Ruft der Kunde das Internetexposé einer Maklerfirma auf, so kommt ein Maklervertrag infolge des Exposés nur dann zustande, wenn dieses einen eindeutigen Provisionshinweis enthält.

Sachverhalt:
Die Klägerin verlangt von der Beklagten Maklerprovision für die Vermittlung eines Einfamilienhauses. Die Beklagte rief eine Internetanzeige der Klägerin im „Immonet“ auf. Die Internetanzeige enthielt keinen Provisionshinweis. Die Klägerin hatte die Internetanzeige bei Immonet – nach ihrer Behauptung – mit Provisionshinweis eingeben lassen. Aufgrund der Internetanzeige vereinbarte die Beklagte mit der Klägerin einen Besichtigungstermin, sagte diesen kurze Zeit später ab, weil sie das Objekt bereits von einem anderen Makler kenne. Die Klägerin behauptet, dass die Beklagte bereits im Sommer vor Einschaltung des anderen Maklers bei ihr angerufen habe.

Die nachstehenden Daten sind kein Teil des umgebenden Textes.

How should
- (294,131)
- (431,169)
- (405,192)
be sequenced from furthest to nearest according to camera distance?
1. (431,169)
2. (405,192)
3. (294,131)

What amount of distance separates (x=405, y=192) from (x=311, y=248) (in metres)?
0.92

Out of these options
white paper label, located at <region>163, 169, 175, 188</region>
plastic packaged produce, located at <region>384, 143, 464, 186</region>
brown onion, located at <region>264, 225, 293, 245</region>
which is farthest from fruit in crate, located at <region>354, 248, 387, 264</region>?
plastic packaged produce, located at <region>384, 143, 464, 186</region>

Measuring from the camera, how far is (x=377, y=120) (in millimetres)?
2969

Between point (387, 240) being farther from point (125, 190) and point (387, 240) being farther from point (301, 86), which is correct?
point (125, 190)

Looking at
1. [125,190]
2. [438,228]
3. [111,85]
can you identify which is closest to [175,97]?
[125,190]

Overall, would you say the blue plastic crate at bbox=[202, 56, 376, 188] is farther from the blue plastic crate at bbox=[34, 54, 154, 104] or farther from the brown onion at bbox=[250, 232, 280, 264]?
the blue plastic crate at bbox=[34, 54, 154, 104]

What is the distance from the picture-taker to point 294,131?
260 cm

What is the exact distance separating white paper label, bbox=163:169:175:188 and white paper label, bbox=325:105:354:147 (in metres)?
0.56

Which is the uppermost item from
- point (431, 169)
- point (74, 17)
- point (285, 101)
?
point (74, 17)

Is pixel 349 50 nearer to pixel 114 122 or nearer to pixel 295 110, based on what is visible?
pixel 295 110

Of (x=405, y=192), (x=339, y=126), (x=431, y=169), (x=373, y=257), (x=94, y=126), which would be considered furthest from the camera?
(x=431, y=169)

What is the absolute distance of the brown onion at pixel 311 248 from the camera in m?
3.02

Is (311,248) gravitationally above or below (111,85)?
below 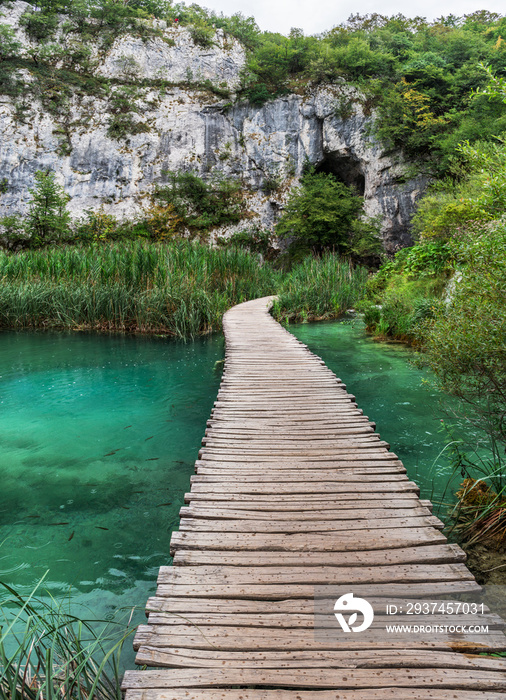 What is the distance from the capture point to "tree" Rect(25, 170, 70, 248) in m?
14.8

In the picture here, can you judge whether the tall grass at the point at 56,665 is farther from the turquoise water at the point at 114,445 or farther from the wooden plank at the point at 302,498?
the wooden plank at the point at 302,498

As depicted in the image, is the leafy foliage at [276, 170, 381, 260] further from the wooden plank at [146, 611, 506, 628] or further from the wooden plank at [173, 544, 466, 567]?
the wooden plank at [146, 611, 506, 628]

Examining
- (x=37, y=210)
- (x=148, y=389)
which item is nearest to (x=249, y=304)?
(x=148, y=389)

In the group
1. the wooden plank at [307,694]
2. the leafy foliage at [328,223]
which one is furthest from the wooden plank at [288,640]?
the leafy foliage at [328,223]

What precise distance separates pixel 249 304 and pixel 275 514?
8.15 metres

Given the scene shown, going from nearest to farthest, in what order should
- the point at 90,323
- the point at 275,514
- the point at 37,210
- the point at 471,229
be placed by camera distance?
the point at 275,514
the point at 471,229
the point at 90,323
the point at 37,210

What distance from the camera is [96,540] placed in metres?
2.47

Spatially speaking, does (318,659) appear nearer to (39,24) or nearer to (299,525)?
Result: (299,525)

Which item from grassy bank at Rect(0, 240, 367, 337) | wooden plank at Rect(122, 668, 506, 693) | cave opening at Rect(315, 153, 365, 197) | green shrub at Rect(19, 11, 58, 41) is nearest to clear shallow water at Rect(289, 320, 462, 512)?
wooden plank at Rect(122, 668, 506, 693)

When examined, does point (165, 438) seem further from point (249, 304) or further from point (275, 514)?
point (249, 304)

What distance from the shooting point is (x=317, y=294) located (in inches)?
420

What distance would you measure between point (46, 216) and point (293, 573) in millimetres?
16483

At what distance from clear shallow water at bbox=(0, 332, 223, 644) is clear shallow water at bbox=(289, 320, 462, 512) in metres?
1.83

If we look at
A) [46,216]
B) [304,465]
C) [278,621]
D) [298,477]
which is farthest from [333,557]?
[46,216] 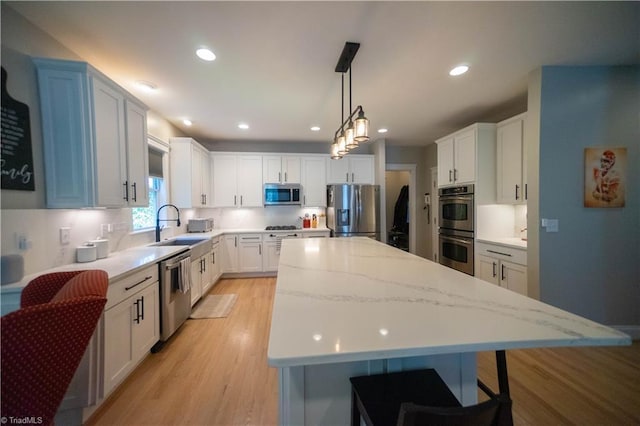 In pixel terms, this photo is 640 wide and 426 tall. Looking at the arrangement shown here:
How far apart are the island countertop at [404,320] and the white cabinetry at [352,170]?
3632 mm

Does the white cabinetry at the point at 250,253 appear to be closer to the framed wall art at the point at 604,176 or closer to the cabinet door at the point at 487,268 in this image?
the cabinet door at the point at 487,268

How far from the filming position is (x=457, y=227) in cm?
360

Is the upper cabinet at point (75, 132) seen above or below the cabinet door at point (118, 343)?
above

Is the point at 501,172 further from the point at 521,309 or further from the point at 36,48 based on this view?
the point at 36,48

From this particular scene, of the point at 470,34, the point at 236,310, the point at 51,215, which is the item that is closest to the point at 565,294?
the point at 470,34

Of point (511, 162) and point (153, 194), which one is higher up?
point (511, 162)

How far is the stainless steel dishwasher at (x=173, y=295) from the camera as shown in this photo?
235 centimetres

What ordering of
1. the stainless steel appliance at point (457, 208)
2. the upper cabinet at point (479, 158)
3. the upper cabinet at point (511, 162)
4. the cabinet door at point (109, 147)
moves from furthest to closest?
1. the stainless steel appliance at point (457, 208)
2. the upper cabinet at point (479, 158)
3. the upper cabinet at point (511, 162)
4. the cabinet door at point (109, 147)

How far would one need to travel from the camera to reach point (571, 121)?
7.95 feet

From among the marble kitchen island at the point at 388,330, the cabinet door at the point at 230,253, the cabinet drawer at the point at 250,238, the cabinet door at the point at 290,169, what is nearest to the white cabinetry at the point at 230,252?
the cabinet door at the point at 230,253

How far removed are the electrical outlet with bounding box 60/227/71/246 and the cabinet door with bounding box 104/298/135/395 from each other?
2.40ft

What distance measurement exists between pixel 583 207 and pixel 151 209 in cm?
507

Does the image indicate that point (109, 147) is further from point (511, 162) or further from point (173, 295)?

Sie sei auf die Provisionsverpflichtung hingewiesen worden und habe auch Bereitschaft erklärt, die Maklerprovision zu zahlen, nachdem eine Verhandlung über die Höhe abgelehnt wurde. Einen Monat nach Aufruf der Internetanzeige erwarb die Beklagte das Grundstück vom Eigentümer. Sie leistete an den ersten Makler Maklerprovision. Das Landgericht hat die Klage abgewiesen.

Entscheidung:
Der Klägerin steht ein Provisionsanspruch nicht zu. Sie hat den Abschluss eines Maklervertrages mit der Beklagten nicht bewiesen. Vom Abschluss eines Maklervertrages ist immer dann auszugehen, wenn der Kunde in Kenntnis des Provisionsverlangens des Maklers dessen Leistungen in Anspruch nimmt. Es ist unstreitig, dass die Beklagte eine Immonetanzeige der Klägerin aufgerufen hat. Die von der Beklagten vorgelegte Kopie des von ihr aufgerufenen Kurzexposés enthält jedoch gerade keinen Provisionshinweis. Die von der Klägerin vorgelegte Eingabemaske mit Provisionshinweis beweist nicht, dass diese den Anzeigeinhalt zu dem Zeitpunkt wiedergibt, als die Beklagte die Anzeige aufgerufen hat. Bei der Speicherung von Daten können Fehler auftreten. Die Klägerin hat auch nicht bewiesen, dass die Beklagte in anderer Form eine Provisionsverpflichtung gegenüber der Klägerin anerkannt hat. Die von der Klägerin benannten Zeugen konnten zur Überzeugung des Gerichts nicht bestätigen, dass ein Maklervertrag mit der Beklagten zustande gekommen ist bzw. diese sich zur Provisionszahlung verpflichtet hat. Die Klage konnte daher keinen Erfolg haben.

Praxishinweis:
Es ist nicht unumstritten, ob eine Internetanzeige des Maklers das Angebot auf Abschluss eines Maklervertrages darstellt. Unabhängig hiervon muss der Makler beweisen, dass er gegenüber dem Kunden ein eindeutiges Provisionsverlangen gestellt hat. Anderenfalls scheitert ein Provisionsanspruch mangels Vorliegens eines Maklervertrages.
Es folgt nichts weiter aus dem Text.